Due to the unstable nature of world fashion, Zara must therefore have strategic analysis at management level that ensures that the core needs of varying consumers are met. Zara has consumers from all over Europe and from different cultures. This is both a challenge and an opportunity for the organization to be diversifying. This way, the make-buy decision should permit the organization to select the kinds of fashion line they can produce internally and those they would have to depend on from external sources. In deciding which to produce internally, the organization must factor in their areas of strength and specialization. Though it is common knowledge that “Zara’s designers create approximately 40,000 new designs annually, from which 10,000 are selected for production” (Harvard Business Review, 2005), it could equally be true that the organization cannot be ‘master of all trade’. To this effect, the principle of buy-make decision permits the organization to produce only on its specialization and buy the rest.
Sourcing Strategies and supply chain configurations
The decision on what to buy or make may be a complicated one but once that decision is complete based on strategic analysis, what becomes left is sourcing strategies and supply chain configurations that ensure that the organization gets value for money and maintains its reputation of high quality and standard. Such strategic sourcing and supply chain configuration would also be responsible for determining the relationship that should exist between the organization and suppliers. The quality of relationship that go on between organizations and their suppliers have been found to have telling effect on the kind of service the organization will receive. Cohlough (2001) observes that all suppliers have their favorites who receive the finest of stock. These favorites are however made not by the suppliers but by the receiving companies. The strategic sourcing and supply chain configuration would also determine whether or not Zara needs one supplier or more.
On the sort of sourcing strategies and supply chain configuration, that would work well for Zara as a fashion organization, the Epiq Technologies Journal (2010) puts forward four (4) principles that should be considered in sourcing strategies. In the first place, the Journal suggests that “companies must look at the technology differences between their current country of production and the lower cost alternative.” In this sense, there must be a serious consideration between Zara and the potential suppliers to ensure that their sense of technology is highly advanced. In today’s fast growing business competitiveness, the issue of technology can never be ruled out in deciding suppliers for a well known organization like Zara. This is because technology plays very important role in ensuring easy accessibility, convenience and breaking complex business processes into simplified. To this effect, Cortwell (2009)“Over the years businesses have become dependent on technology so much so that if we were to take away that technology virtually all business operations around the globe would come to a grinding halt.” The next issue tackled by Epiq Technologies Journal (2010) is the issue of marketing strategy of the supplier. Most suppliers with poor marketing strategy do not stay long in competition and cannot be trusted for long term transaction.

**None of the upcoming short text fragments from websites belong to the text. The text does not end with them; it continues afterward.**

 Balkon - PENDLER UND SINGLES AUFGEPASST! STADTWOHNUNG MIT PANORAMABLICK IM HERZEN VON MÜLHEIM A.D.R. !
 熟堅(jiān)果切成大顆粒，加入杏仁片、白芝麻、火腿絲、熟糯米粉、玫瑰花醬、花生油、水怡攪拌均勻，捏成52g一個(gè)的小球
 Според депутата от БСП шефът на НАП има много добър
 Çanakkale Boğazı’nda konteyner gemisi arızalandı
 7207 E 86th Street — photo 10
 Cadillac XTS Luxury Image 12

There is also the issue of cost effectiveness in considering who suppliers will be. This is because once the issue of external sourcing sets in, the purchasing organization becomes disadvantaged in the sense that it assumes a position of having to sell to make profit over what it buys. In order to ensure reduced cost, Graves and Willems (2005) points out certain tangible factors that should be taken into account by purchasing organizations. They posit that “There might be multiple options to supply a raw material, to manufacture or assemble the product, and to transport the product to the customer. Each of these options is differentiated by its lead time and direct cost added.”Finally, there it is the need to look at the perpetual survival of the potential supplier. To this end, the Epiq Technology Journal (2010) states that “the company must create a supply management strategy that will govern the methods of securing a supply of the goods and services needed to continue a steady production after foreign sourcing has been set in action.”

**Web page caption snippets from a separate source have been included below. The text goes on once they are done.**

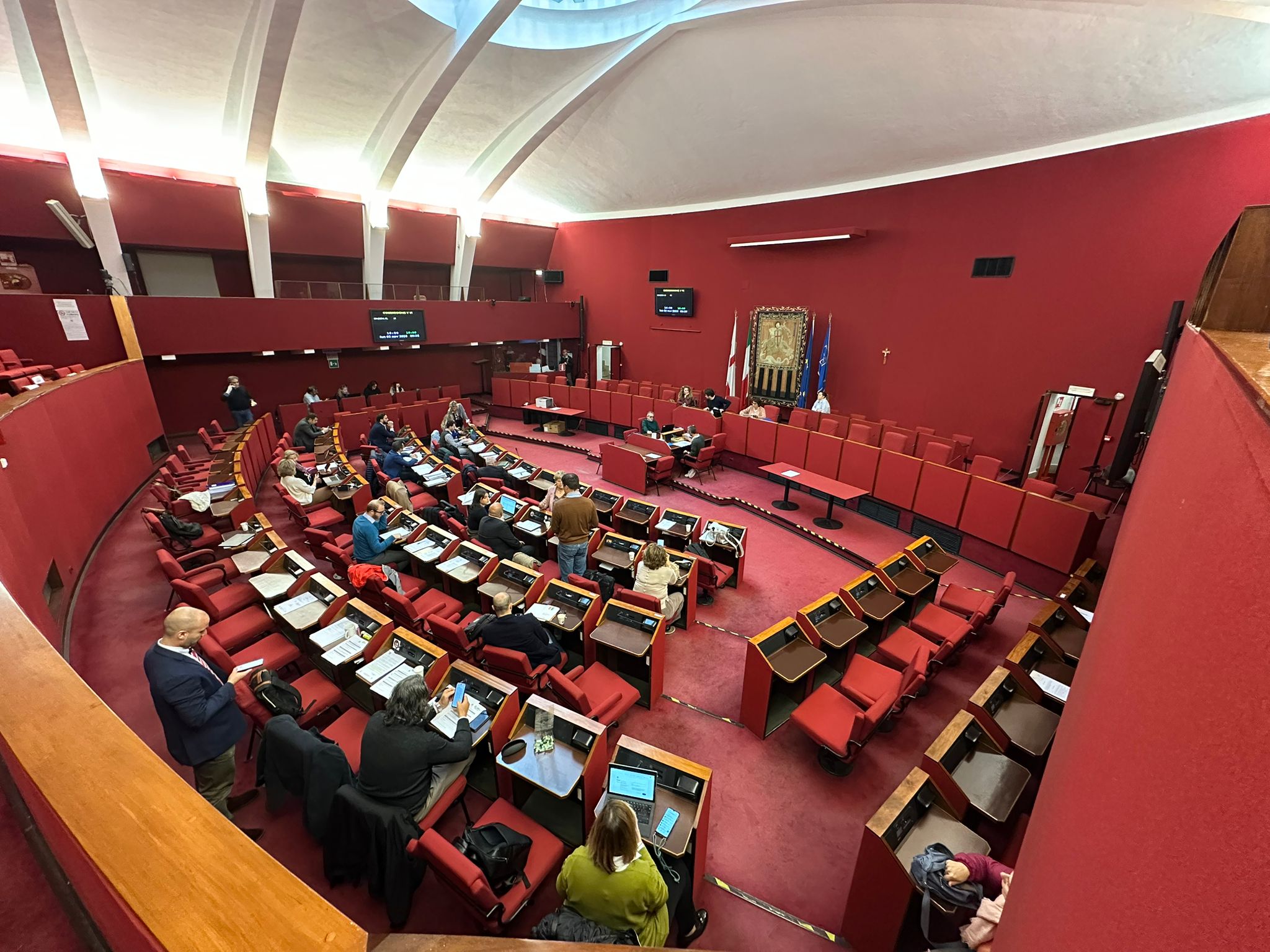 Rifiuti a Genova, Tursi prepara il 'piano Natale' per evitare il caos. E si studiano le aree di accumulo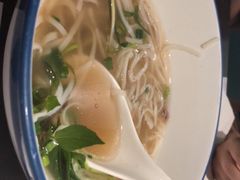-美奈小馆·越南料理(中航城君尚购物中心店)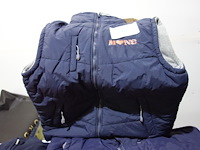 2 bodywarmers - maat xl - afbeelding 1 van  2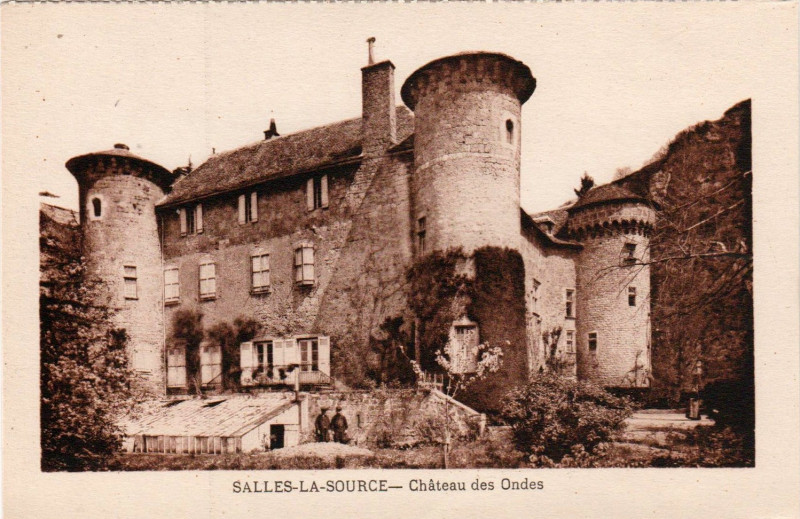 Carte postale ancienne Salles-La-Source - Château des Ondes 1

Strategic Supplier Selection
Currently, Zara has suppliers in Turkey and Asia (Boomberg Business Week, 2005). Zara gives these suppliers low-cost fashion items such as t-shirts. For the company to expand its customer base and reach more consumers, it is extremely important for the organization to put in place suppliers across the globe. Currently, the fact that the organization’s suppliers are mainly in Asia and Europe is recommendable but there could be more. Judging from the fact that supplier selection principles discussed above, it could be said that there should be more suppliers at least in each continent. Those suppliers must also be made of well established outlets that are fully established in with technological background. Again, it is highly commendable that suppliers for Zara are abundant in Asia. This is because as argued by Epiq Technology Journal (2005), cost of supply to Asia is relatively cheaper than those to other parts of the world such as America and Europe. This however does not defeat the fact that there should be suppliers in other continents. As observed by Boomberg Business Week (2005), “A decade ago, Inditex was a middling retailer focused largely on Spain, with sales of $1 billion and net income of $100 million. Today, it boasts stores in 64 countries. Last year sales rose 21%, to $8.5 billion, while profits jumped 26%, to $1 billion.” This means that the more Zara expands its supply and retail base, the larger the organization grows in sales and profit.

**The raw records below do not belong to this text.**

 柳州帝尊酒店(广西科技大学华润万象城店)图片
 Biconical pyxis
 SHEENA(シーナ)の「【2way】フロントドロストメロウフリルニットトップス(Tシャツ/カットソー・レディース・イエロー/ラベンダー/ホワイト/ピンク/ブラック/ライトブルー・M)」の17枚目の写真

Aligning supply with corporate strategy
In view of Tapper (2005), corporate strategy has to do with the “oversight by people or bodies charged with ensuring that the interests of key stakeholders are not compromised.” In the contest of Zara, the known corporate strategy that the organization embarks on currently can be described to be in threefold. In the first place, there is a conscious corporate effort that ensures that “in Zara stores, customers can always find new products—but they’re in limited supply” (Ferdows, Lewis and Jose, 2005). Secondly, “Zara often beats the high-fashion houses to the market and offers almost the same products, made with less expensive fabric, at much lower prices” (Ferdows, Lewis and Jose, 2005). Finally, “Zara’s organization, operational procedures, performance measures, and even its office layouts are all designed to make information transfer easy”(Ferdows, Lewis and Jose, 2005).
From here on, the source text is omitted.